Hierarchical LLM-Based Multi-Agent Framework with Prompt Optimization for Multi-Robot Task Planning
A new hierarchical multi-agent framework uses TextGrad-inspired updates to optimize prompts and plan complex tasks.
Researchers Tomoya Kawabe and Rin Takano from NEC Corporation have introduced a novel hierarchical multi-agent framework that significantly improves how teams of heterogeneous robots plan and execute tasks from natural language instructions. The system, detailed in a paper accepted to ICRA 2026, addresses a critical gap: traditional PDDL planners offer rigor but struggle with ambiguity, while LLMs can interpret instructions but often hallucinate infeasible actions. Their solution creates a two-tiered structure where an upper-layer agent decomposes high-level missions and assigns them to specialized lower-layer agents, which then formulate precise Planning Domain Definition Language (PDDL) problems for a classical solver to execute.

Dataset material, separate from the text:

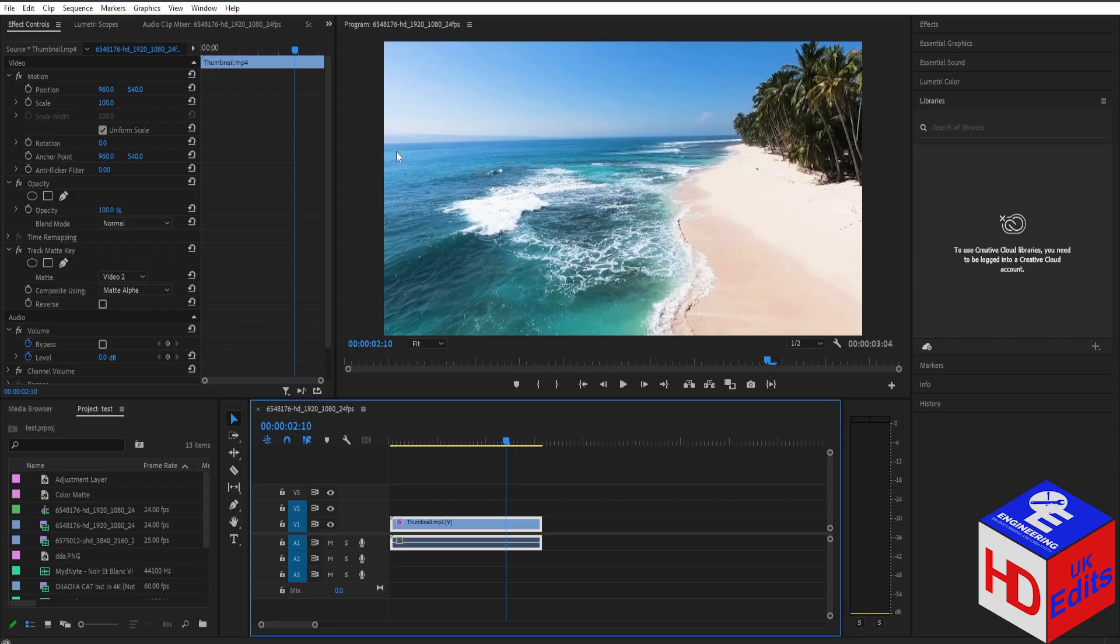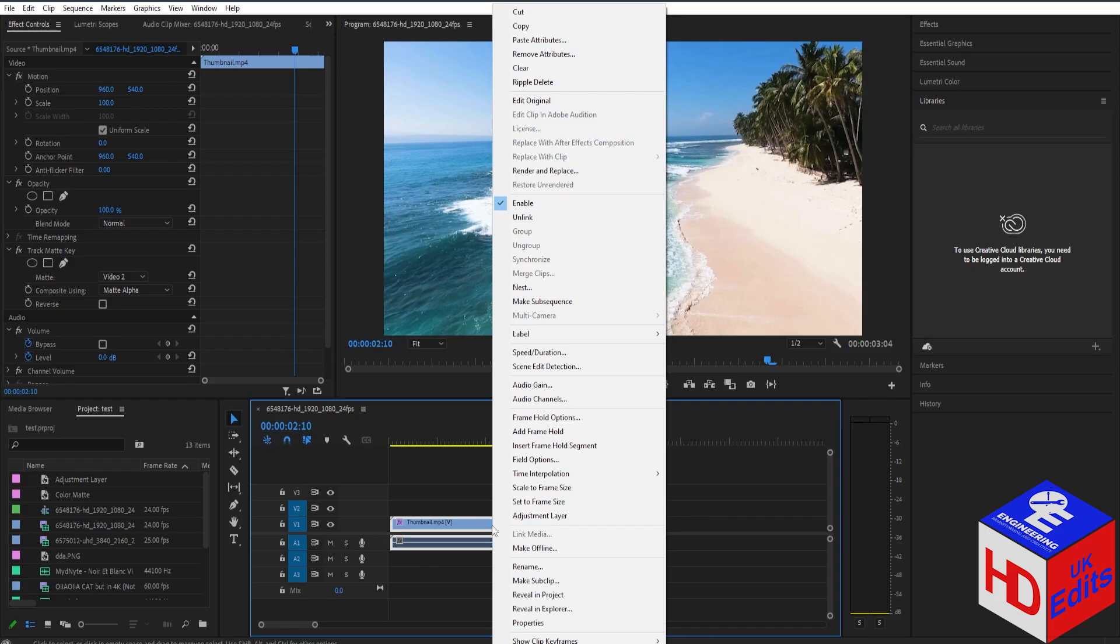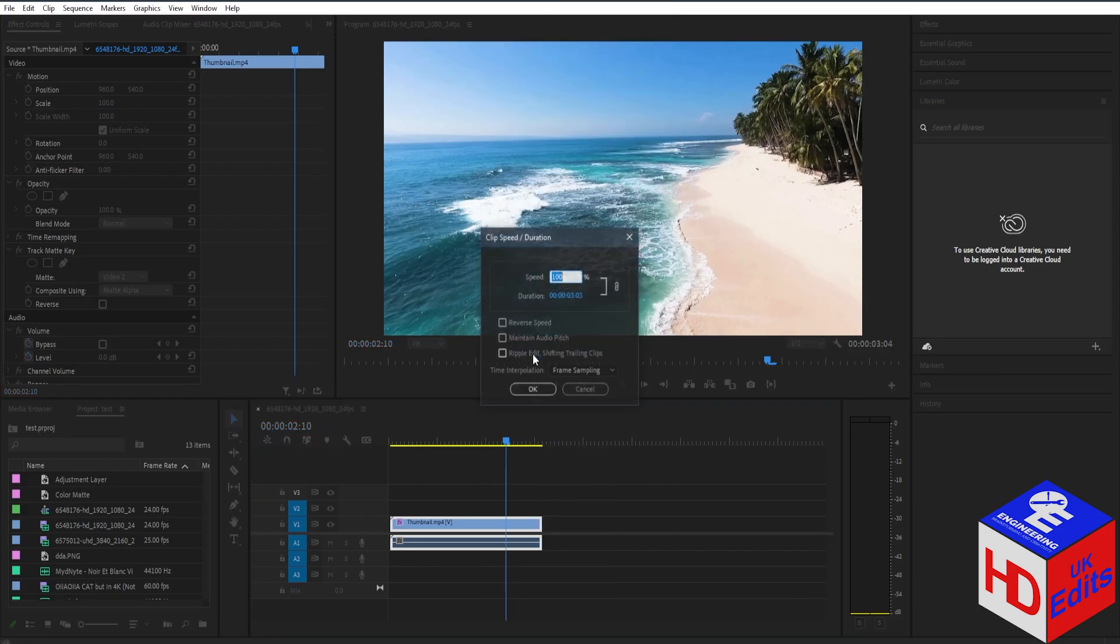If you want to change the speed of your video, it's very simple. Select the video clip you want to change, right-click, and you'll see 'Speed and Duration.' Select it and you'll see the speed is currently set to 100%.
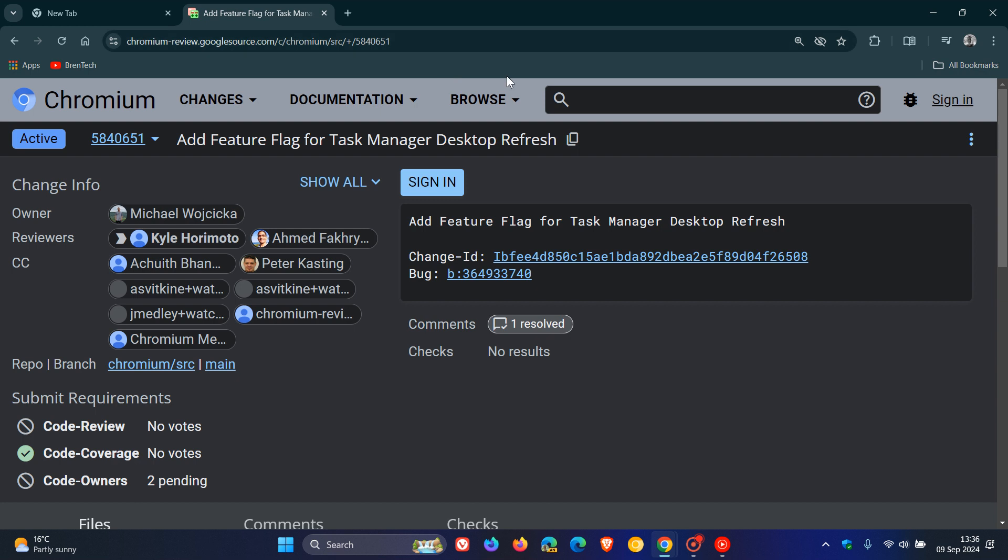And if we head over to that commit message over on Chromium Gerrit, here we can see it mentions add feature flag for Task Manager Desktop Refresh. So they are bringing a refresh to the Task Manager in the desktop version of Google Chrome.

The framework's breakthrough is its integration of prompt optimization inspired by TextGrad, where the system analyzes planning failures and applies textual-gradient updates to refine each agent's instructions, thereby learning from mistakes. Additionally, it employs meta-prompts shared across agents within the same layer to accelerate learning in multi-agent settings. On the MAT-THOR benchmark, the planner achieved success rates of 0.95 on compound tasks, 0.84 on complex tasks, and 0.60 on vague tasks, outperforming the prior SOTA, LaMMA-P, by 2, 7, and 15 percentage points respectively. An ablation study quantified the contributions: the hierarchical structure added +59 percentage points, prompt optimization +37 points, and meta-prompt sharing +4 points to the overall success rate. This work marks a substantial step toward reliable, instruction-driven automation for logistics, manufacturing, and domestic robotics.
- Achieves up to 0.95 success rate on compound tasks in the MAT-THOR benchmark, beating prior SOTA LaMMA-P by up to 15 percentage points.
- Uses a TextGrad-inspired method to optimize agent prompts when plans fail, improving accuracy through textual-gradient updates.
- Ablation study shows the hierarchical structure contributes +59 percentage points to the overall success rate, the largest single factor.
Why It Matters
Enables more reliable, instruction-driven automation for robot teams in warehouses, factories, and homes, reducing planning failures.